Oleh : Rocky A.K
Teropongrakyat.co – Di sebuah kota kecil, pagi selalu dimulai dengan hiruk pikuk jalanan. Di perempatan, seorang polisi lalu lintas berdiri tegak. Seragamnya berkilat diterpa cahaya matahari. Dari jauh, orang-orang sering melihatnya hanya sebagai “aparat” — dingin, tegas, dan penuh aturan.
Namun di balik seragam itu, ia hanyalah manusia biasa. Di rumah, ia seorang ayah yang setiap pagi menyuapi anaknya sebelum berangkat sekolah. Ia pun seorang anak bagi ibunya yang sudah menua, yang selalu mengingatkan agar ia berhati-hati saat bertugas.
Seringkali masyarakat lupa, bahwa polisi bukanlah tembok baja. Mereka punya hati, punya rasa takut, bahkan bisa menangis. Bedanya hanya seragam yang mereka kenakan.
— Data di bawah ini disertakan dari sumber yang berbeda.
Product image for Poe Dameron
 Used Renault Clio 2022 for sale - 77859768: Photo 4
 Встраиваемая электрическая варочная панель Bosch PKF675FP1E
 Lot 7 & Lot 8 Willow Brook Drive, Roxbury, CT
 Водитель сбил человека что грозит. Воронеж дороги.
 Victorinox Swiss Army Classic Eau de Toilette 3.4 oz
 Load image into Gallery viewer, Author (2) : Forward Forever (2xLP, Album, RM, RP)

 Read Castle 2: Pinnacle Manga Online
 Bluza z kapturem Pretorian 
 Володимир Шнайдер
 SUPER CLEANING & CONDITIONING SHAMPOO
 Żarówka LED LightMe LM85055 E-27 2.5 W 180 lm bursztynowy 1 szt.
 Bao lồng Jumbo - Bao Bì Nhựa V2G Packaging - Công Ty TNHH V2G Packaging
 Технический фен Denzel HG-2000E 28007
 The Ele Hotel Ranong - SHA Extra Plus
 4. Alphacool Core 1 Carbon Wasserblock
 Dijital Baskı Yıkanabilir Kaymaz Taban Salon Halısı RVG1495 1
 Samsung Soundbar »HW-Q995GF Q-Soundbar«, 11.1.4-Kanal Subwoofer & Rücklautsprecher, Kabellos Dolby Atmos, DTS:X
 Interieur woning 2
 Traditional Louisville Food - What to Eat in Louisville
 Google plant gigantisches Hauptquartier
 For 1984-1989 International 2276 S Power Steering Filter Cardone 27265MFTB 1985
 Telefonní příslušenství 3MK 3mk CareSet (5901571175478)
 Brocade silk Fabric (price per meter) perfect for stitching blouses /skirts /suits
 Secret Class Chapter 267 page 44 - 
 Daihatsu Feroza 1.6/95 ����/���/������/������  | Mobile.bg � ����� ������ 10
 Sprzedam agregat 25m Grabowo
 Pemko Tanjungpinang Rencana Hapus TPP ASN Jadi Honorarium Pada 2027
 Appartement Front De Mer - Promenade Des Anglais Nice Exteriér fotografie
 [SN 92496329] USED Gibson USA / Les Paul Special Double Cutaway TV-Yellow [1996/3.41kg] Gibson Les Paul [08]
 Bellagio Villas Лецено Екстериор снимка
Suatu hari, terjadi keributan di pasar. Beberapa pemuda berteriak, menyalahkan polisi yang datang untuk meredakan suasana. Kata-kata kasar dilempar, seakan semua kesalahan dunia jatuh ke pundak sang aparat.
Polisi itu terdiam. Ia tahu, jika ia membalas dengan emosi, api akan semakin membesar. Ia hanya menunduk, lalu berkata lirih, “Kami ini juga bagian dari kalian. Kami bukan musuh. Kami di sini hanya untuk menjaga agar semuanya tetap utuh.”
Keributan perlahan mereda. Seorang ibu penjual sayur menatapnya dengan mata berkaca-kaca. Ia tersadar, tanpa polisi mungkin pasar itu akan kacau setiap hari. Ia lalu berkata, “Maafkan kami, Pak. Kadang kami lupa, kalian juga manusia, sama seperti kami.”
Sejak hari itu, pandangan masyarakat sedikit berubah. Mereka mulai menyadari, bahwa seragam hanyalah kain. Yang ada di dalamnya tetaplah manusia yang butuh dihargai.
Karena sejatinya, polisi adalah masyarakat juga, seharusnya kita jaga bersama. Mereka tidak salah, mereka hanya menjaga.